Jesus. I need a fucking drink. Oh yeah, I can’t because . . . three months fucking sober.
“What are you thinking about right now?”
Not Brie. Not fucking her. Not the smooth slide of whisky down my throat.
Liar.
“What am I thinking about? I’m wondering if I could slit my wrists with your letter opener before we finish this session.”
Doc gives me a wry smile. She knows I’m talking out of my arse. I threaten shit like this all the time, it’s a “defence mechanism” using humour to mask my guilt, my shame. The truth is I have no desire to die. I fucked up. I hurt an arseload of people, some that took a while to forgive me, others who maybe never will. Which is why I have no fucking desire to bring up Brie with the good doc. “You’re using your sui
cide attempt to mask your pain. Are you thinking of harming yourself again, Levi?”
She always asks this too, because she has to, I suppose. “No. I’m not thinking of offing myself, Doc. Been there, done that, got the fucking scars to prove it.” I flex my hand, because while I don’t actually have any physical scars on the outside, I did lose a lot of the mobility in my right hand, and though I spend all day every day practicing long after Coop and Zed have gone home, my licks still aren’t where they should be. And if I can’t play, then I really do have nothing to live for.
“In our first session, you said something about a woman being unable to forgive you. Was that Brie you were referring to?”
“Jeez, Doc, anyone ever told you that you’ve got a one-track mind?”
“It’s my job to have a one-track mind, we only have an hour.”
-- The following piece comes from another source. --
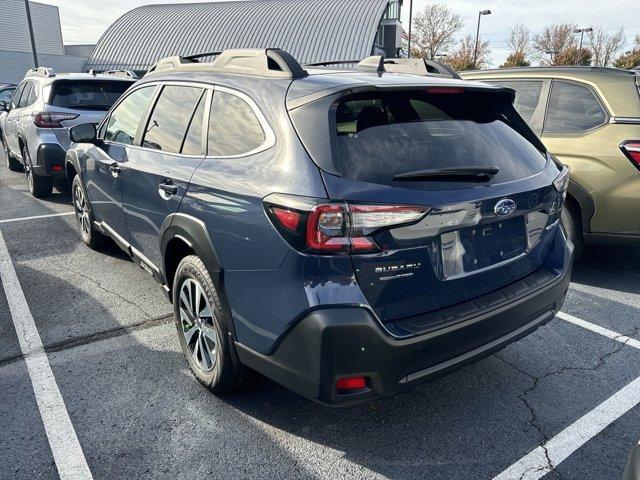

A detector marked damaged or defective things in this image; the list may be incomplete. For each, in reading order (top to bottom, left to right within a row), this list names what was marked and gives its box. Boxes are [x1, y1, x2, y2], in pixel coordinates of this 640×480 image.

crack in asphalt [49, 258, 160, 318]
crack in asphalt [0, 314, 172, 370]
crack in asphalt [500, 320, 640, 478]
“Tou-fucking-ché.” I blow out a noisy breath and lean back against the headrest. “Fine, what do you want to know?”
“What would you like me to know?”
“Jesus, do all shrinks answer questions with questions?”
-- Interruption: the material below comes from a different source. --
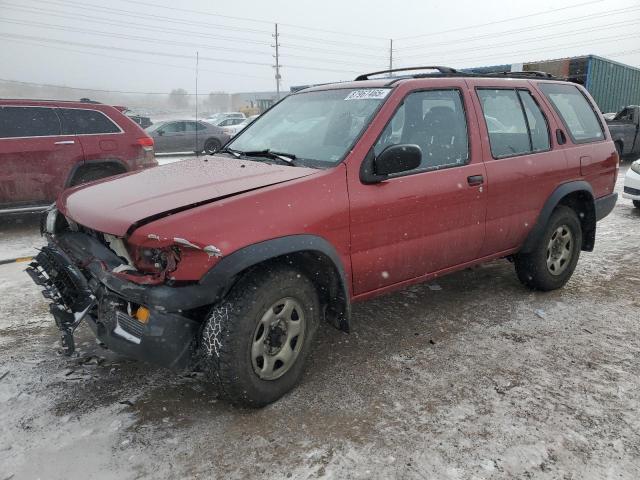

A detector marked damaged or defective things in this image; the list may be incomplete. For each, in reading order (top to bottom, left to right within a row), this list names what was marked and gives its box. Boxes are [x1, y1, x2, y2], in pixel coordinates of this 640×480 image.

“Yes, we’re taught to in order to mess with our clients.” She smiles again.
I grin and continue, because Doc knows how I like it when she stoops to my level. “I don’t know what to tell you about Brie, other than she’s the love of my life, and I don’t deserve her.”
“The love of your life? That’s quite the statement. But I’m curious, why do you feel you’re not deserving of her? Is she Mother Teresa? A saint? A goddess?”
“She’s everything. All of those things and more.”
“And you don’t deserve her because ...”
“Because I tried to kill myself.”
“You did, that’s true, but does that make you unworthy of forgiveness, or unworthy of redemption?”